Comparison of Zero-shot and Linear Probe Performance of Open CLIP-B-32 on CIFAR-10

#### Install packages

In [None]:
!pip install open_clip_torch
!pip install ftfy regex tqdm

In [2]:
import torch
import os
import numpy as np
from PIL import Image
import open_clip
from torchvision.datasets import CIFAR10
from torch.utils.data import DataLoader, random_split
from tqdm import tqdm
from sklearn.linear_model import LogisticRegression

  from .autonotebook import tqdm as notebook_tqdm


#### Load CLIP ViT-B-32

In [3]:
device = "cuda" if torch.cuda.is_available() else "cpu"
device

'cuda'

A CLIP ViT-B/32 model trained with the LAION-2B English subset of LAION-5B

In [4]:
## Load CLIP Model with pretrained weight from Laion2B
model, _, preprocess = open_clip.create_model_and_transforms('ViT-B-32', pretrained='laion2b_s34b_b79k', device=device)
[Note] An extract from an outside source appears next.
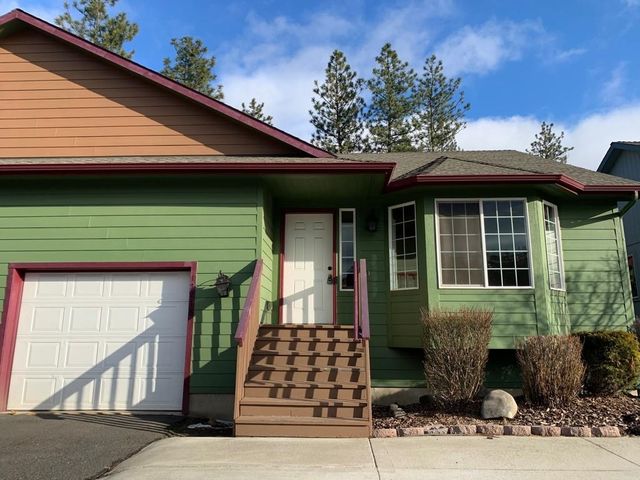 11218-11220 N Waikiki Rd, Spokane, WA 99218 property photo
#### Load CIFAR10 and create DataLoader
root = os.path.expanduser("~/cache")
train_data = CIFAR10(root, download=True, train=True, transform=preprocess)
test_data = CIFAR10(root, download=True, train=False, transform=preprocess)
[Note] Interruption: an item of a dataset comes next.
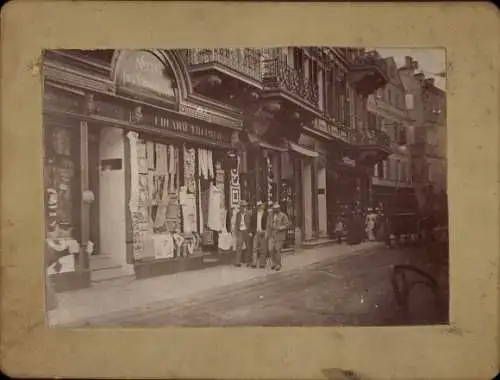 Foto Wien ?, Straßenpartie mit Wäschehandlung, um 1900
# Split the training dataset into 80% train and 20% validation (for Linear Probe Hyperparam Sweep)
train_size = int(0.8 * len(train_data))  # 80% for training
val_size = len(train_data) - train_size  # 20% for validation
train_data, val_data = random_split(train_data, [train_size, val_size])

batch_size = 2048


Files already downloaded and verified
Files already downloaded and verified


### Linear Probe Performance

#### Get features from Image Encoder

In [5]:
# Get features and labels for Linear Probe (input (n_sample, dim))
def get_features(dataset):
    all_features = []
    all_labels = []
    
    with torch.no_grad():
        for images, labels in tqdm(DataLoader(dataset, batch_size=batch_size)):
            features = model.encode_image(images.to(device))

            all_features.append(features)
            all_labels.append(labels)

    return torch.cat(all_features).cpu().numpy(), torch.cat(all_labels).cpu().numpy()

In [6]:
# Linear Probe Data
# Calculate features for train, validation, and test sets
train_features, train_labels = get_features(train_data)
val_features, val_labels = get_features(val_data)
test_features, test_labels = get_features(test_data)
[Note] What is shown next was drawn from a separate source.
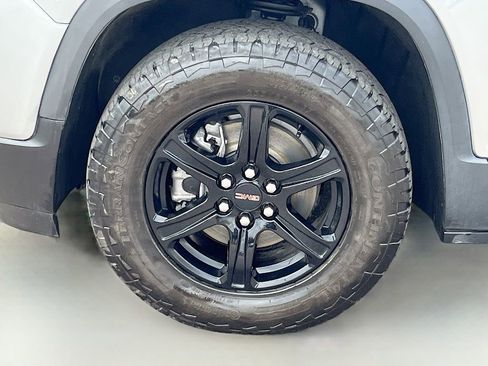 Used 2023 GMC Acadia AT4 w/ LPO, Floor Liner Package AWD/4WD image 33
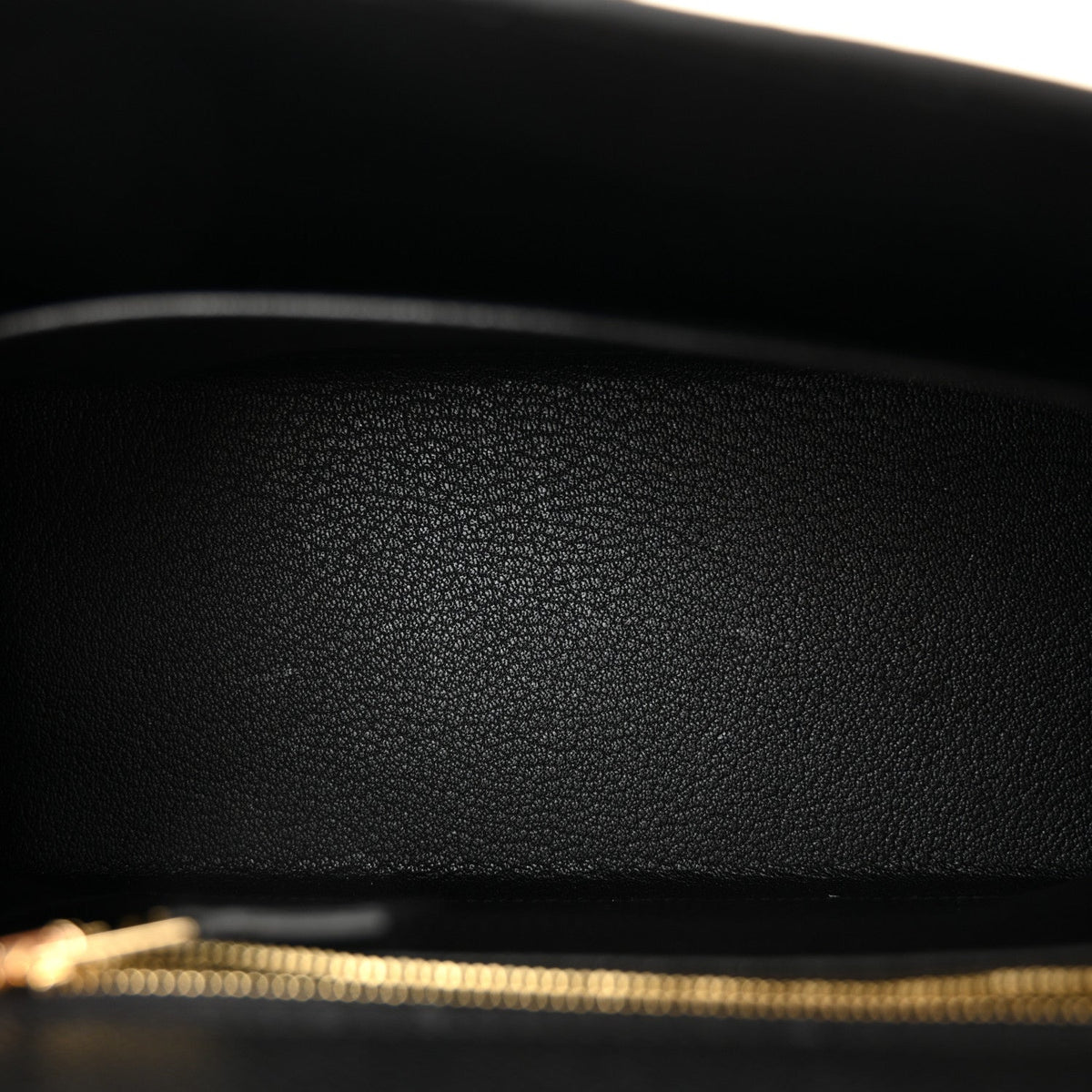 Epsom Kelly Sellier 25 Black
  0%|          | 0/20 [00:00<?, ?it/s]

100%|██████████| 20/20 [00:29<00:00,  1.46s/it]
100%|██████████| 5/5 [00:06<00:00,  1.27s/it]
100%|██████████| 5/5 [00:06<00:00,  1.30s/it]


#### Run Sweep to get the best L2 regularization

In [7]:
# Define hyperparameter sweep for regularization strength C (L2 regularization)
C_values = [10**-6, 10**-4, 10**-2, 1, 10**2, 10**4, 10**6]  # Logarithmic sweep

best_C = None
best_accuracy = 0

# Perform hyperparameter sweep over C
for C in C_values:
    print(f"Training with C = {C}")
    
    # Initialize the Logistic Regression classifier
    classifier = LogisticRegression(random_state=0, C=C, max_iter=1000, verbose=0)
    
    # Train the classifier on the training features
    classifier.fit(train_features, train_labels)
    
    # Evaluate the classifier on the validation set
    val_predictions = classifier.predict(val_features)
    val_accuracy = np.mean((val_labels == val_predictions).astype(float)) * 100.
    print(f"Validation Accuracy = {val_accuracy:.3f}%")
    
    # Track the best C value based on validation accuracy
    if val_accuracy > best_accuracy:
        best_accuracy = val_accuracy
        best_C = C

print(f"Best C value: {best_C} with validation accuracy of {best_accuracy:.3f}%")

Training with C = 1e-06
Validation Accuracy = 94.070%
Training with C = 0.0001
Validation Accuracy = 95.510%
Training with C = 0.01
Validation Accuracy = 96.790%
Training with C = 1


STOP: TOTAL NO. of ITERATIONS REACHED LIMIT.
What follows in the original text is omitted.